In Bitcoin, each transaction spends output from prior transactions and generates new outputs that can be spent by transactions in the future. All of the unspent transactions are kept in each fully-synchronized node, and therefore this model is named “UTXO”. A user’s wallet keeps track of a list of unspent transactions associated with all addresses owned by the user, and the balance of the wallet is calculated as the sum of those unspent transactions.
Let’s take a look at a simplified example of how the UTXO model works in Bitcoin transactions:
1. Alice gains 12.5 bitcoins through mining. Alice’s wallet is associated with one UTXO record of 12.5 bitcoins.
2. Alice wants to give Bob 1 bitcoin. Alice’s wallet first unlocks her UTXO of 12.5 bitcoins and uses this whole 12.5 bitcoins as input to the transaction. This transaction sends 1 bitcoin to Bob’s address and the reminder of 11.5 bitcoins is sent back to Alice in the form of a new UTXO to a newly-created address (owned by Alice).
3. Say there was another UTXO of 2 bitcoins associated with Bob prior to step 2, Bob’s wallet now shows that his balance is 3 bitcoins. Bob’s wallet now keeps track of two UTXOs: one from before and another from the transaction in step 2. Each UTXO needs to be unlocked if Bob wishes to spend them.
The Account/Balance Model, on the other hand, keeps track of the balance of each account as a global state. The balance of an account is checked to make sure it is larger than or equal to the spending transaction amount.
Here is a simplified example of how this model works in Ethereum:
1. Alice gains 5 ethers through mining. It is recorded in the system that Alice has 5 ethers.
2. Alice wants to give Bob 1 ether, so the system will first deduct 1 ether from Alice’s account, so Alice now has 4 ethers.
3. The system then increases Bob’s account by 1 ether. The system knows that Bob has 2 ethers to begin with, therefore Bob’s balance is increased to 3 ethers.

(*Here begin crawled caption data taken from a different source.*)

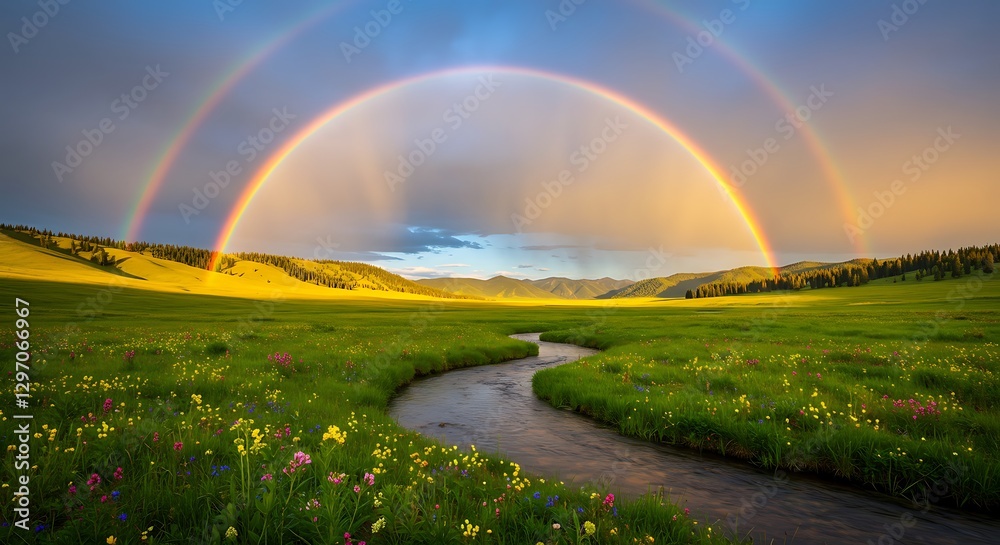 Naklejka premium Double Rainbow Over Green Field with Stream and Wildflowers Landscape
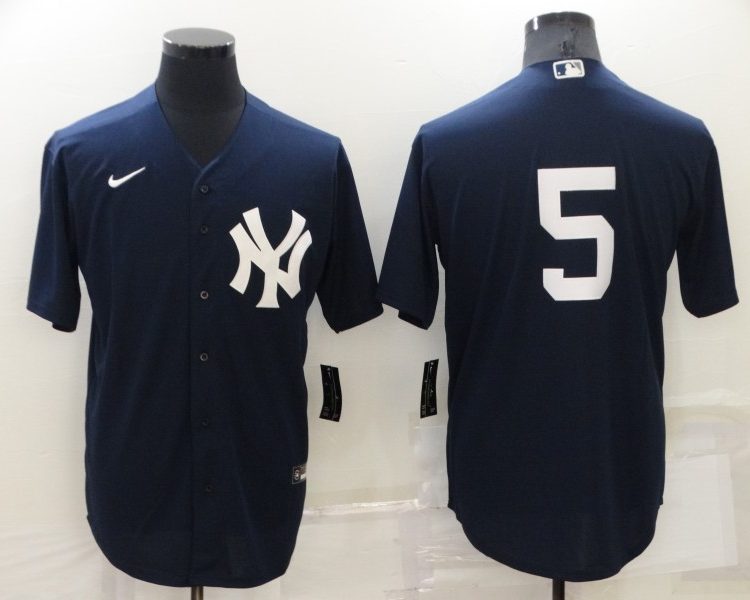 Men's New York Yankees Joe DiMaggio #5 Navy Name Jersey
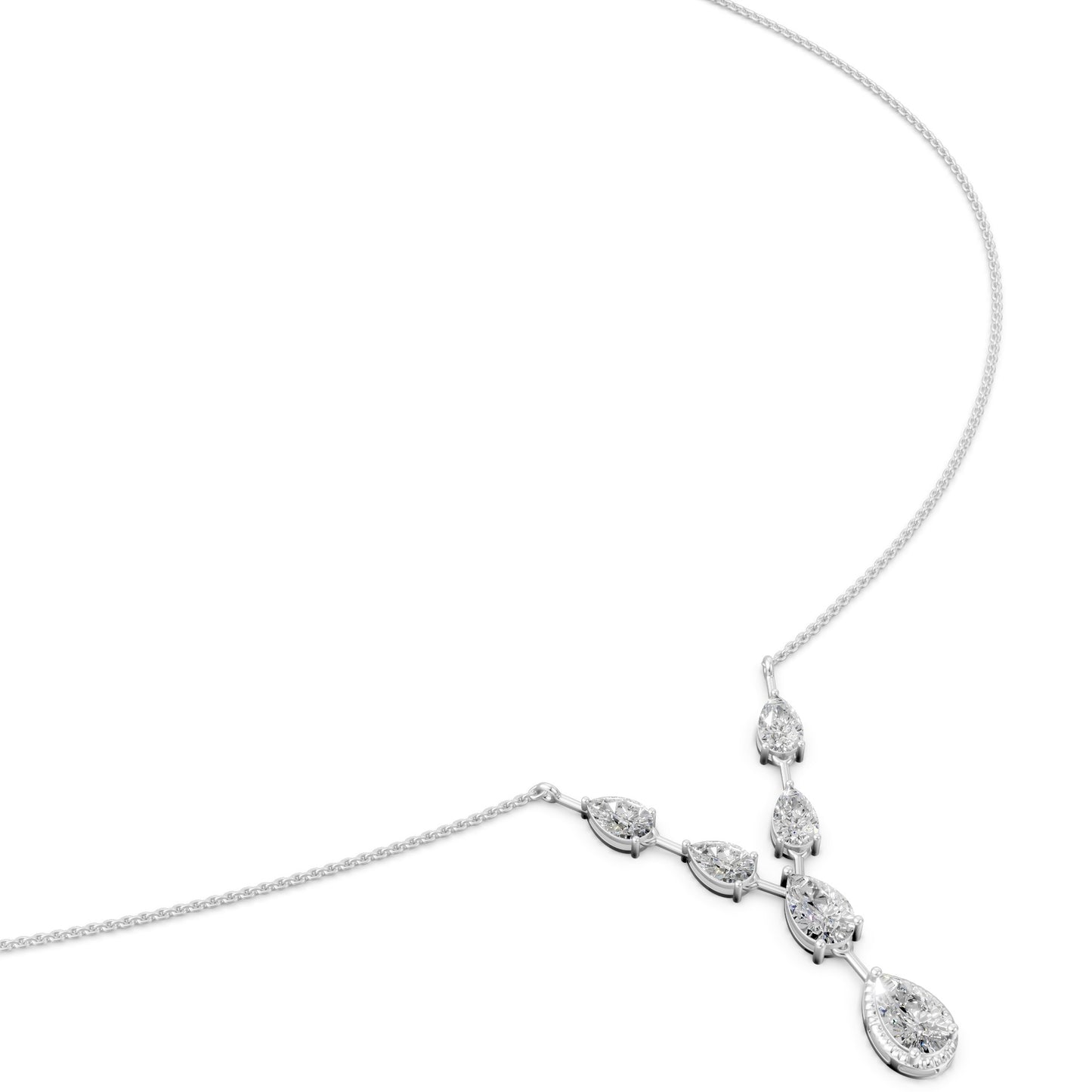 Pear Drop Solitaire Necklace in Lab Grown Diamond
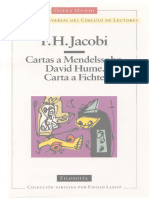 Jacobi, F.H. - Cartas a Mendelssohn. David Hume. Carta a Fichte. Circulo de Lectores 1996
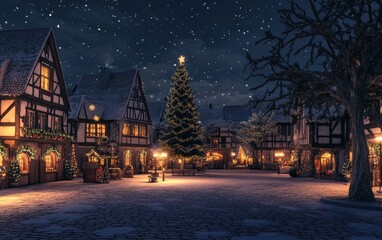 Fototapeta premium A cozy European village square at night, decorated with twinkling holiday lights and a tall Christmas tree in the center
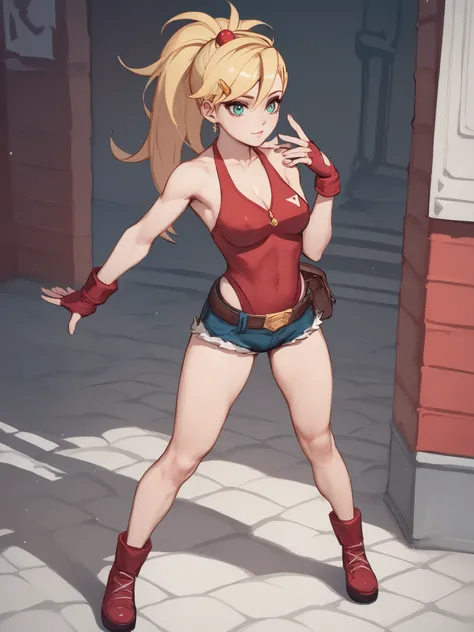 young girl, long blonde hair, Hairpin with a bundle,  turquoise eyes, red tight uniform, Sleeveless, Wide neckline on the chest to the abdomen, Gold Elements, Red outfit, Shorts, Masterpiece, hiquality, 4k, HD, Good details, full body view, fullbody overvi...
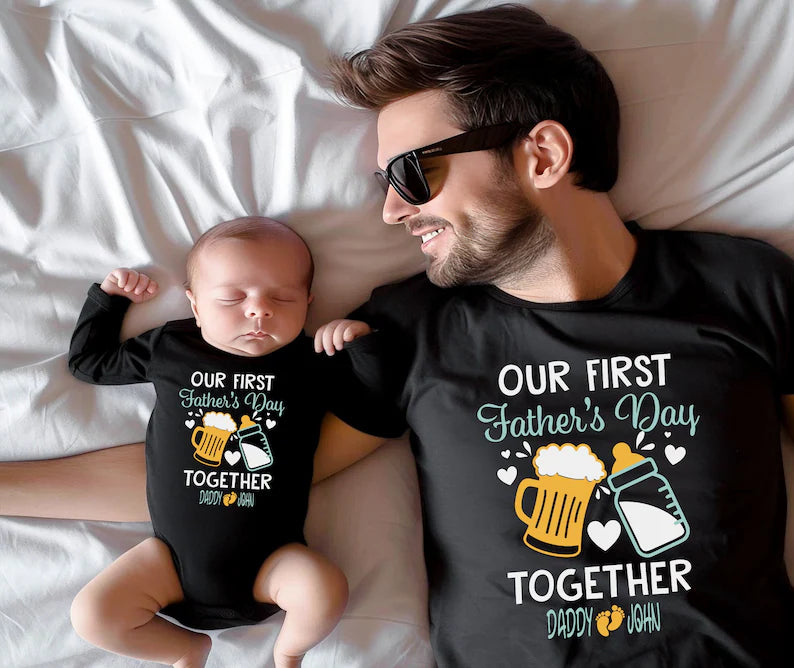 Our First Father's Day Shirt Custom Daddy Baby Beer Milk
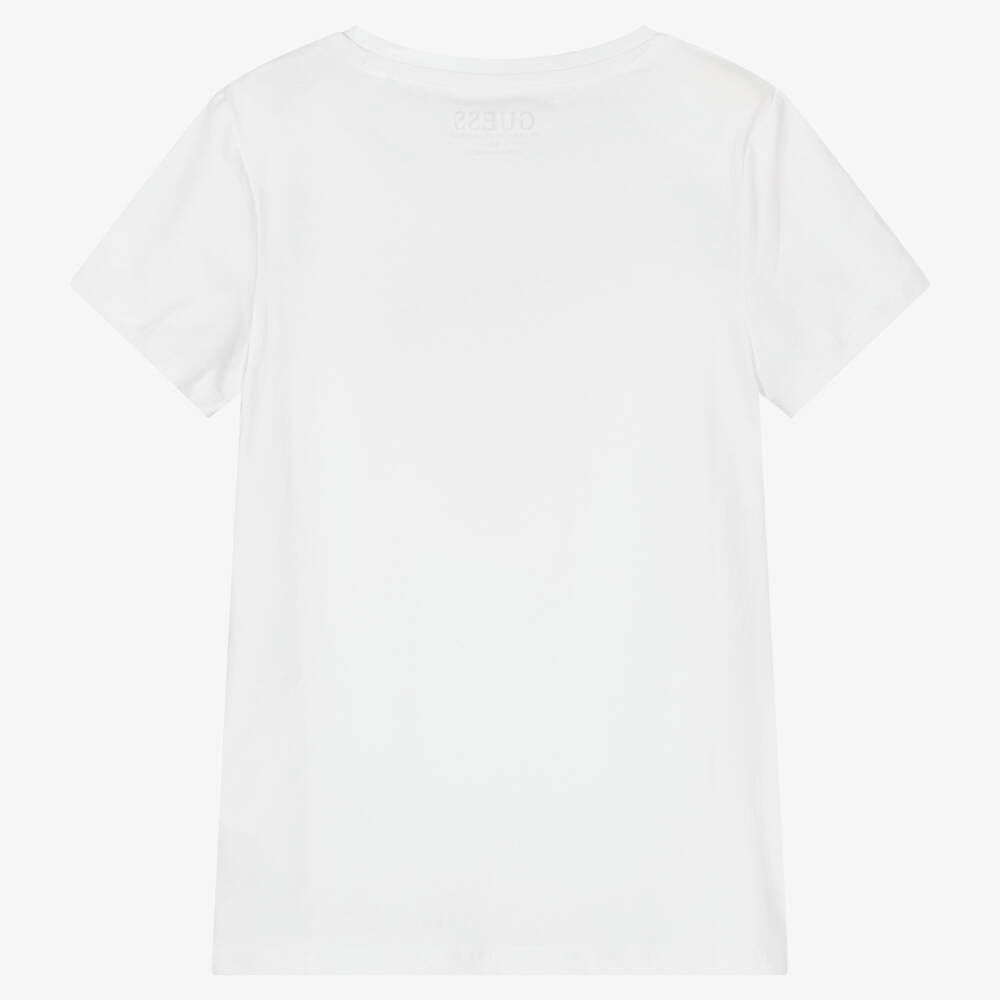 Guess-Белая футболка для девочек-подростков | Childrensalon Outlet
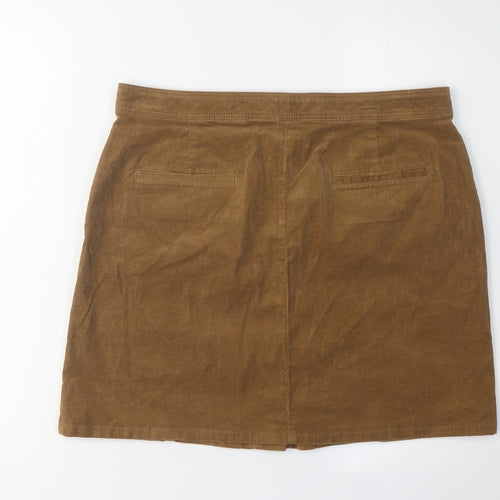 Marks and Spencer Women's Brown Corduroy Skirt Size 14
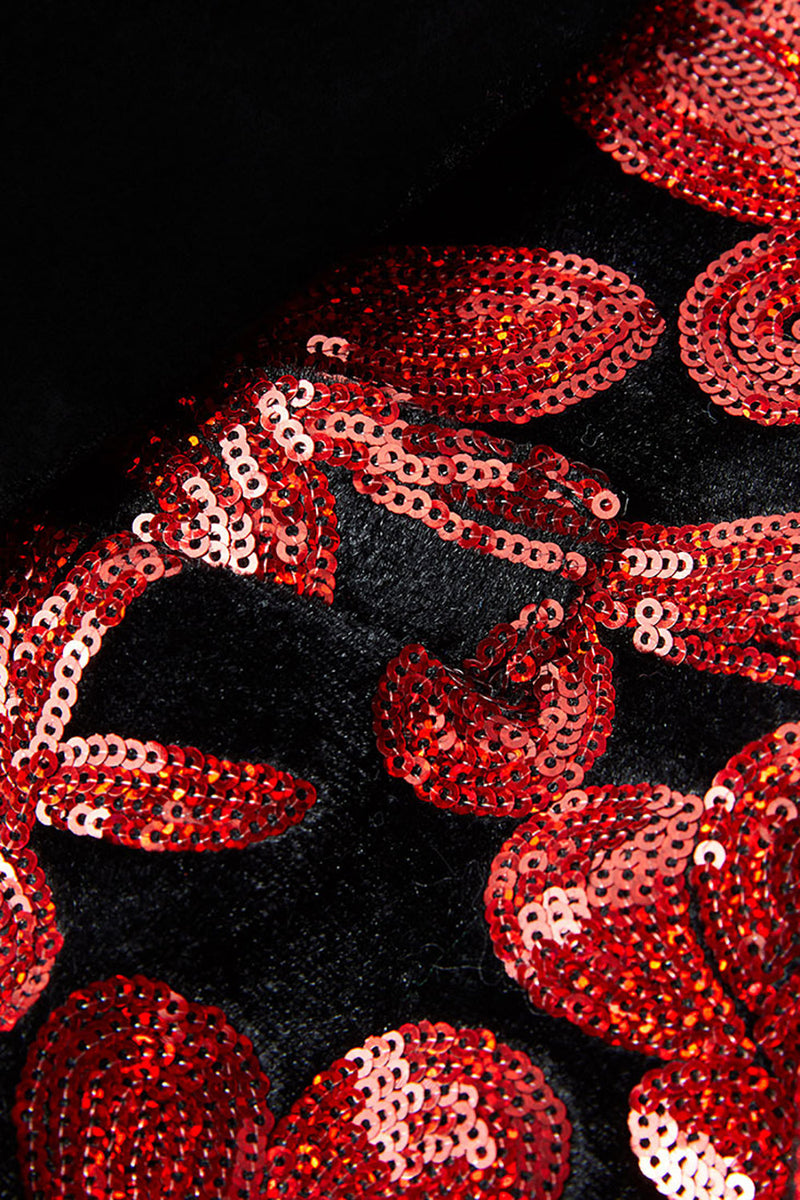Cargar imagen en el visor de la galería, Glitter Red Sequins 2 Piece Trajes de Hombre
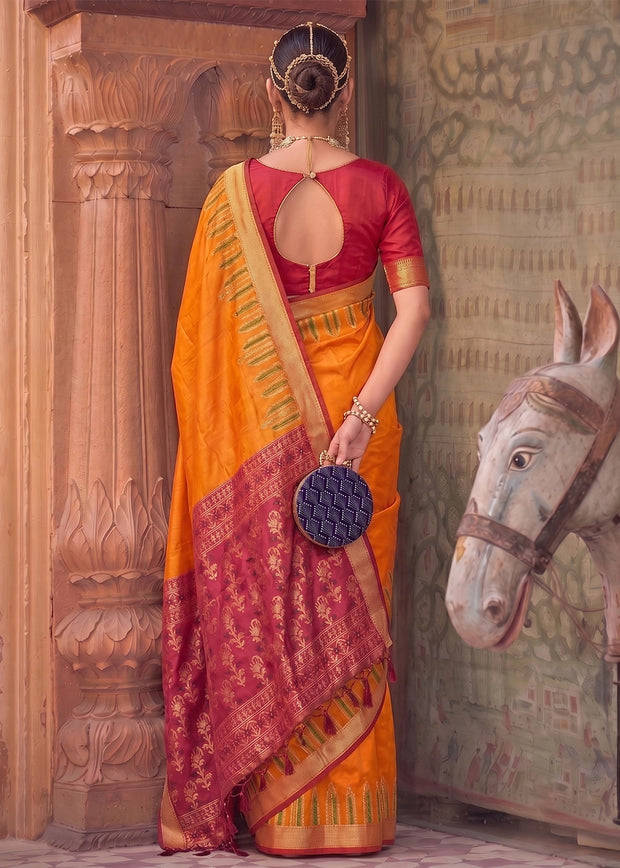 Marigold Orange Woven Banarasi Silk Saree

One analogy for the transactions in the UTXO model is paper bills (banknotes). Each account keeps track of how much money it has by adding up the amount of bills (UTXOs) in the purse (associated with this address/wallet). When we want to spend money, we use one or more bills (existing UTXOs), enough to cover the cost and maybe receive some change back (new UTXO). Each bill can only be spent once since, once spent, the UTXO is removed from the pool.
On the other hand, the record-keeping for Ethereum is just like that in a bank. An analogy is using an ATM/debit card. The bank tracks how much money each debit card has, and when we need to spend money, the bank checks its record to make sure we have enough balance before approving the transaction.
Both models achieve the same goal of keeping track of account balances in a consensus system.
The benefits of the UTXO Model are:
- Scalability — Since it is possible to process multiple UTXOs at the same time, it enables parallel transactions and encourages scalability innovation.
- Privacy — Even Bitcoin is not a completely anonymous system, but UTXO provides a higher level of privacy, as long as the users use new addresses for each transaction. If there is a need for enhanced privacy, more complex schemes, such as ring signatures, can be considered.
The benefits of the Account/Balance Model are:
- Simplicity — Ethereum opted for a more intuitive model for the benefit of developers of complex smart contracts, especially those that require state information or involve multiple parties. An example is a smart contract that keeps track of states to perform different tasks based on them. UTXO’s stateless model would force transactions to include state information, and this unnecessarily complicates the design of the contracts.
- Efficiency — In addition to simplicity, the Account/Balance Model is more efficient, as each transaction only needs to validate that the sending account has enough balance to pay for the transaction.
One drawback for the Account/Balance Model is the exposure to double spending attacks. An incrementing nonce can be implemented to counteract this type of attack. In Ethereum, every account has a public viewable nonce and every time a transaction is made, the nonce is increased by one. This can prevent the same transaction being submitted more than once. (Note, this nonce is different from the Ethereum proof of work nonce, which is a random value.)
Like most things in computer architecture, both models have trade-offs. Some blockchains, notably Hyperledger, adopt UTXO because they can benefit from the innovation derived from the Bitcoin blockchain. We will look into more technologies that are built on top of these two record-keeping models.